▸ **EXERCISE AIM**
Beginning with the line that has "WikiOO.org - Encyclopedia", reproduce each remaining line of the data exactly, down to and including the last.

** Opening SOURCE INFORMATION block **

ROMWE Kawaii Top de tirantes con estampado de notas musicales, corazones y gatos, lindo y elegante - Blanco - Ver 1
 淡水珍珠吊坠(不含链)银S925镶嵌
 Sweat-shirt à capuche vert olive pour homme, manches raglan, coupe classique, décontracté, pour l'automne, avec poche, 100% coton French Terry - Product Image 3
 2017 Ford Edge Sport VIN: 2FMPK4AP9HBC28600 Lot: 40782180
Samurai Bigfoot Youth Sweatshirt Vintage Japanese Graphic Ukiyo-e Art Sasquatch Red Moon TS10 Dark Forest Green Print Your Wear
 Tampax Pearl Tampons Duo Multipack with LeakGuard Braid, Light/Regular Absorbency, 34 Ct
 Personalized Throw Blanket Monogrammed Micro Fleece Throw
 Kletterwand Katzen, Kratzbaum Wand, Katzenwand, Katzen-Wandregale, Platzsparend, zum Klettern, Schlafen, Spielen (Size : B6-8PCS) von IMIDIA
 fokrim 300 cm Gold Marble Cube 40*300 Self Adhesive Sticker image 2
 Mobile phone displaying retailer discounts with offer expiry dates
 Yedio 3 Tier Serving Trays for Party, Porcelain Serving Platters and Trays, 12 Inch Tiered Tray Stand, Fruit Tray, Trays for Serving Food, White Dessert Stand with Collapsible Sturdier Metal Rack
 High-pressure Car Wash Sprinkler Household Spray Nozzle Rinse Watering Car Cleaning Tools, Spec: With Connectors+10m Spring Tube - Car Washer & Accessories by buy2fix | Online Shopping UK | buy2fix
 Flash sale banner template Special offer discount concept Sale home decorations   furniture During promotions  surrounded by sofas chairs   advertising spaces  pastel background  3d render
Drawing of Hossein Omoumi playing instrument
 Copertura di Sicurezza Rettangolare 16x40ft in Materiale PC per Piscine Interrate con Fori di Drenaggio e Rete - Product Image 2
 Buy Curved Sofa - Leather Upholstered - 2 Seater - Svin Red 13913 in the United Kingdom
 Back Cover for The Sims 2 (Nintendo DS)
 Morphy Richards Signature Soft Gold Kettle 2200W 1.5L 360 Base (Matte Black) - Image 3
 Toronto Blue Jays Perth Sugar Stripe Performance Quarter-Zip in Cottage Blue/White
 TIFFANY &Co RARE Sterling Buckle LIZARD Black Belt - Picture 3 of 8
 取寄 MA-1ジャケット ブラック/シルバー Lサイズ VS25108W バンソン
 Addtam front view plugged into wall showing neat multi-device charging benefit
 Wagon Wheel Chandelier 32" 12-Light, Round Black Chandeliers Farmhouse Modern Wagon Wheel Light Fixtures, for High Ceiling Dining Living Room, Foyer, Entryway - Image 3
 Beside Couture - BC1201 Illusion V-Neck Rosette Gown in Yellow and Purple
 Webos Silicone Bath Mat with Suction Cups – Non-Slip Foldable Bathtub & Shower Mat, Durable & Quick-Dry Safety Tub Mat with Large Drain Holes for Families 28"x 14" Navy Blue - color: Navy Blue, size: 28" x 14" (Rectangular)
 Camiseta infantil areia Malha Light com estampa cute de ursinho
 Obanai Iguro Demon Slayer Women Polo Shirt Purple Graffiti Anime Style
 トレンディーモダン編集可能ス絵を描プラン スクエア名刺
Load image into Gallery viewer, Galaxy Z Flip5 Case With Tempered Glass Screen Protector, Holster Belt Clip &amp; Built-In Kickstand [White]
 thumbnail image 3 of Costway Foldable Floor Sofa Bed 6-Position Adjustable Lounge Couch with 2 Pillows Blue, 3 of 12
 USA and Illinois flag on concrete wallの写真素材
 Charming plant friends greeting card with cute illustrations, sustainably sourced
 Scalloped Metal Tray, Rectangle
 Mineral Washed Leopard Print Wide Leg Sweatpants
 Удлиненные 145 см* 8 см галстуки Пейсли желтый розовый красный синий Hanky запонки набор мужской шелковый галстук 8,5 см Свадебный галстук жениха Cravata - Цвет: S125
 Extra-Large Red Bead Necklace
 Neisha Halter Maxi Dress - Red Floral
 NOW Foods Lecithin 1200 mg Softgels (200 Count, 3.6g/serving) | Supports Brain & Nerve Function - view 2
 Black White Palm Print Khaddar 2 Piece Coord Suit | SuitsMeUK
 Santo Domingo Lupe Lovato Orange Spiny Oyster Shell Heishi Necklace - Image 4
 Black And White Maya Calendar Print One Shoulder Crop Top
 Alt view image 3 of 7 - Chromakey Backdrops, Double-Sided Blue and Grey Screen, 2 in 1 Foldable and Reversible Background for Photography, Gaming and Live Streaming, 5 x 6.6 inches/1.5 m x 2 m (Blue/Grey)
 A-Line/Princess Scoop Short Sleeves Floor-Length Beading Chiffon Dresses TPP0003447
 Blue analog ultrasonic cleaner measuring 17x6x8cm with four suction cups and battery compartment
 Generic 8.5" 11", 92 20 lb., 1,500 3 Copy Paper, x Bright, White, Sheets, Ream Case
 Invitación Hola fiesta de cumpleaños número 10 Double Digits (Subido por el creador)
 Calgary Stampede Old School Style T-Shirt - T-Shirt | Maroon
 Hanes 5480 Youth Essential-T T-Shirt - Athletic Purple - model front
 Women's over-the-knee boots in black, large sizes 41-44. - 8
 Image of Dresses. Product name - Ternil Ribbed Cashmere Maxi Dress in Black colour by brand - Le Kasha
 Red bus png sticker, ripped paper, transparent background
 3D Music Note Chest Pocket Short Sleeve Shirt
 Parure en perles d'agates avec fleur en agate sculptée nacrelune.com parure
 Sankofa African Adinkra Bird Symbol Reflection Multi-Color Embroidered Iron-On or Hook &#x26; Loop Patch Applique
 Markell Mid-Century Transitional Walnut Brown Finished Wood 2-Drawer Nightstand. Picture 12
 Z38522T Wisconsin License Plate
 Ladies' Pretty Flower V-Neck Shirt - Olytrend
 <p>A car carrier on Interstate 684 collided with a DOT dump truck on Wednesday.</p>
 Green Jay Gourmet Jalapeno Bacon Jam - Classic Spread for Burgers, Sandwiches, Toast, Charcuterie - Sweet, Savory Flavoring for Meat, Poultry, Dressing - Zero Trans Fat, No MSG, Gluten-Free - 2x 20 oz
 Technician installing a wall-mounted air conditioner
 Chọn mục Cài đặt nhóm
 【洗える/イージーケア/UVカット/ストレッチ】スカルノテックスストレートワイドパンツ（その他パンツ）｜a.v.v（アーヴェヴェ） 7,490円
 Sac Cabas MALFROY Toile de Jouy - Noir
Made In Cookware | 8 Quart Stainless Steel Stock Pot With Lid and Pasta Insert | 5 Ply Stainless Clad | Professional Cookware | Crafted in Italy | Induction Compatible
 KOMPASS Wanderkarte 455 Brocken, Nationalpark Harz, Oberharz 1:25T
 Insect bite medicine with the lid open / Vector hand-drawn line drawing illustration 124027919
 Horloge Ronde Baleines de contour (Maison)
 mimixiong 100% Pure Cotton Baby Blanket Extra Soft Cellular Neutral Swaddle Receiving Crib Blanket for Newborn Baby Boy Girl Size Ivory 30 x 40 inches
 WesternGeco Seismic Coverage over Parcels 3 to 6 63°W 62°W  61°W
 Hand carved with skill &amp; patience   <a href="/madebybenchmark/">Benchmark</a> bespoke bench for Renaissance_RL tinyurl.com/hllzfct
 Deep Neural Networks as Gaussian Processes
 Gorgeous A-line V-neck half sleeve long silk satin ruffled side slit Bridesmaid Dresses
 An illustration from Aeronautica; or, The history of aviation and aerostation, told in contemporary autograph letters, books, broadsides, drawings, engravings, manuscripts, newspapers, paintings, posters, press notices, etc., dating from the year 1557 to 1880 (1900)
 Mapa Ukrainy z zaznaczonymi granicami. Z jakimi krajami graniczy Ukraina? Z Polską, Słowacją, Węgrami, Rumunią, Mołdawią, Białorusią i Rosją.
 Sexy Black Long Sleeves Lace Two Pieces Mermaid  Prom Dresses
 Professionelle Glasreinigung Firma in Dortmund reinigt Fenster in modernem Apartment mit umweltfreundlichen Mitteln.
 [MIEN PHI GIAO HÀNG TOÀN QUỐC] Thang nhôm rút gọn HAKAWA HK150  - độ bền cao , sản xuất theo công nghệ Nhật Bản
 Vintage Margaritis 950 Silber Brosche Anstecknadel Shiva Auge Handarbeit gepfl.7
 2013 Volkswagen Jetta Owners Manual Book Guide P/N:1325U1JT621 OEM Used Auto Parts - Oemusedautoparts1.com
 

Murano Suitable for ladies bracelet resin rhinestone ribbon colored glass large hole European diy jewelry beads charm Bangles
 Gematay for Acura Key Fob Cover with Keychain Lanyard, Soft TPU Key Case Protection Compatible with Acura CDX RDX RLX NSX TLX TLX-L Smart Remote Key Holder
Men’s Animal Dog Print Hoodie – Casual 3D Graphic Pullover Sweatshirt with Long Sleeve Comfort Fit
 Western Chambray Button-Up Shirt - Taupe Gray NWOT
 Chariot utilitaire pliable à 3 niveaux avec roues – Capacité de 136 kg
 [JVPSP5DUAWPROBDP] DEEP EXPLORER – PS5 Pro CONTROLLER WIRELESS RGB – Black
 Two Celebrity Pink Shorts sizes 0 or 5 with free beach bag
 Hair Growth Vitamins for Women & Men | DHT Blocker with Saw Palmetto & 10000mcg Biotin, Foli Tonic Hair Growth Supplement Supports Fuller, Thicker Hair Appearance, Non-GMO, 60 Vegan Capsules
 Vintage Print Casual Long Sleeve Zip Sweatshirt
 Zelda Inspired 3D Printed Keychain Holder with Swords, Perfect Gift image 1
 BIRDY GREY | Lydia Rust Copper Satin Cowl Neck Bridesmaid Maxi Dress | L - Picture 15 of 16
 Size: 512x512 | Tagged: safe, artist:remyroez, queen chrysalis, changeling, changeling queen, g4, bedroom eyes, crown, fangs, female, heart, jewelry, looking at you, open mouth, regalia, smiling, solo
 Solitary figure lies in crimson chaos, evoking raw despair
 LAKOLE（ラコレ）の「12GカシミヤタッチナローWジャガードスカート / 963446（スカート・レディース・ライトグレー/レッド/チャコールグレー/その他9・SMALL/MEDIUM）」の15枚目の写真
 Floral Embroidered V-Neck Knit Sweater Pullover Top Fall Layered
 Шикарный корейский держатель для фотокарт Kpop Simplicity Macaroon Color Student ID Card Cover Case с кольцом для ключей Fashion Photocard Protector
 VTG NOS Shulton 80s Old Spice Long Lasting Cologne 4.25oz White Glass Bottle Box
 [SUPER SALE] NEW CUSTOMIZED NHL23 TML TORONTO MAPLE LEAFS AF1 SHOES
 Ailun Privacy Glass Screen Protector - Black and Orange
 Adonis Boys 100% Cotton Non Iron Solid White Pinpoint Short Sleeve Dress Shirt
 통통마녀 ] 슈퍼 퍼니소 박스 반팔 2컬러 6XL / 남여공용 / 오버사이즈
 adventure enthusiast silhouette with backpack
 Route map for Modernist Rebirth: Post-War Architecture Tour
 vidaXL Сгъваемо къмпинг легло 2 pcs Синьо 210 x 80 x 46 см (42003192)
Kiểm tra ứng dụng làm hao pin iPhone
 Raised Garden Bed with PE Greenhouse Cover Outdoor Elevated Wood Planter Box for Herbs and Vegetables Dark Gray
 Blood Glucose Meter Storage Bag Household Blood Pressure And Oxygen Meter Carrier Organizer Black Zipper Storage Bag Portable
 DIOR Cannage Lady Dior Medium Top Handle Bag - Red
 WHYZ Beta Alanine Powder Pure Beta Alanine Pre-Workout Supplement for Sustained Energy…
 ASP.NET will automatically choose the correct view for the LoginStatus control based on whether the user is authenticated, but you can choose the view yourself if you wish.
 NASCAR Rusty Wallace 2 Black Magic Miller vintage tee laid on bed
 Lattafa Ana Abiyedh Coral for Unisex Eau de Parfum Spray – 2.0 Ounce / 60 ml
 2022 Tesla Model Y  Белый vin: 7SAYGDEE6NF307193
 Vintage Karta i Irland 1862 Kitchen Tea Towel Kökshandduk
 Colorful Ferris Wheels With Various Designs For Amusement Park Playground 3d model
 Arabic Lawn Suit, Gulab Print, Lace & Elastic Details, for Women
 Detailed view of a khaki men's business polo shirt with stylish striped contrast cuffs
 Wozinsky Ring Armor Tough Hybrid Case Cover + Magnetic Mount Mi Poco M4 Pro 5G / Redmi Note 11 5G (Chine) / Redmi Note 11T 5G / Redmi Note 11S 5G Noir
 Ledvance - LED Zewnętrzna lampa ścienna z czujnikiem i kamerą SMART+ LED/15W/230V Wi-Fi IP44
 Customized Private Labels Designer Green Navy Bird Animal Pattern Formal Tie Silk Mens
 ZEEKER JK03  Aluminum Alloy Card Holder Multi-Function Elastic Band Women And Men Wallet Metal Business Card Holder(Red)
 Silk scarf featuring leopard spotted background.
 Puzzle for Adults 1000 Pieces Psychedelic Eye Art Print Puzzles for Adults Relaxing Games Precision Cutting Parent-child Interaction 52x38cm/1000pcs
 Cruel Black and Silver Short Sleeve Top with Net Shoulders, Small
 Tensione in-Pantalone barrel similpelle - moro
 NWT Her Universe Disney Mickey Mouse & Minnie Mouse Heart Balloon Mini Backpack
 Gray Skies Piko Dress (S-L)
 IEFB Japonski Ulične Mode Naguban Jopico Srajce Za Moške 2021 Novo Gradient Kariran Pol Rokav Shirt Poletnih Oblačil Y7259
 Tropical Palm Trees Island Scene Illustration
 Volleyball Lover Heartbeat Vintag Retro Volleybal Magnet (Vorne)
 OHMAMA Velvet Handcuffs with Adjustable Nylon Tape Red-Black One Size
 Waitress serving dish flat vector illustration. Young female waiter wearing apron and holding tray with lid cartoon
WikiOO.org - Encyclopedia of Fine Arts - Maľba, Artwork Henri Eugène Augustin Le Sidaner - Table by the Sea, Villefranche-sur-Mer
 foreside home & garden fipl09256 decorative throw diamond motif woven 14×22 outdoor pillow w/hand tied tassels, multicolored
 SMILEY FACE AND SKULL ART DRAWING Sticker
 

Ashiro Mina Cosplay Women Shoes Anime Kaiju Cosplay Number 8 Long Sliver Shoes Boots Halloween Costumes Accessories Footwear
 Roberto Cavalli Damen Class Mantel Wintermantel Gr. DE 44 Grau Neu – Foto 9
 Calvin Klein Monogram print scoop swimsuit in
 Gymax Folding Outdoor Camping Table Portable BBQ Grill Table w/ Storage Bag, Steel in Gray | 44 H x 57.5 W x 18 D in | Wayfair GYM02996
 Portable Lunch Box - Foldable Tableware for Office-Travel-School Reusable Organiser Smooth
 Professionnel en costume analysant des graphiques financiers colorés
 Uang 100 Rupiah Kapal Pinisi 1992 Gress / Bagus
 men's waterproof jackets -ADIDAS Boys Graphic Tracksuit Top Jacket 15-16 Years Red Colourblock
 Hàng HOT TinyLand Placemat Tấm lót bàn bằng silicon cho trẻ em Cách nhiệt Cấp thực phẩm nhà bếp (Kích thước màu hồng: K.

** Closing SOURCE INFORMATION block **

▸ **REPLY TO THE EXERCISE**
WikiOO.org - Encyclopedia of Fine Arts - Maľba, Artwork Henri Eugène Augustin Le Sidaner - Table by the Sea, Villefranche-sur-Mer
 foreside home & garden fipl09256 decorative throw diamond motif woven 14×22 outdoor pillow w/hand tied tassels, multicolored
 SMILEY FACE AND SKULL ART DRAWING Sticker
 

Ashiro Mina Cosplay Women Shoes Anime Kaiju Cosplay Number 8 Long Sliver Shoes Boots Halloween Costumes Accessories Footwear
 Roberto Cavalli Damen Class Mantel Wintermantel Gr. DE 44 Grau Neu – Foto 9
 Calvin Klein Monogram print scoop swimsuit in
 Gymax Folding Outdoor Camping Table Portable BBQ Grill Table w/ Storage Bag, Steel in Gray | 44 H x 57.5 W x 18 D in | Wayfair GYM02996
 Portable Lunch Box - Foldable Tableware for Office-Travel-School Reusable Organiser Smooth
 Professionnel en costume analysant des graphiques financiers colorés
 Uang 100 Rupiah Kapal Pinisi 1992 Gress / Bagus
 men's waterproof jackets -ADIDAS Boys Graphic Tracksuit Top Jacket 15-16 Years Red Colourblock
 Hàng HOT TinyLand Placemat Tấm lót bàn bằng silicon cho trẻ em Cách nhiệt Cấp thực phẩm nhà bếp (Kích thước màu hồng: K.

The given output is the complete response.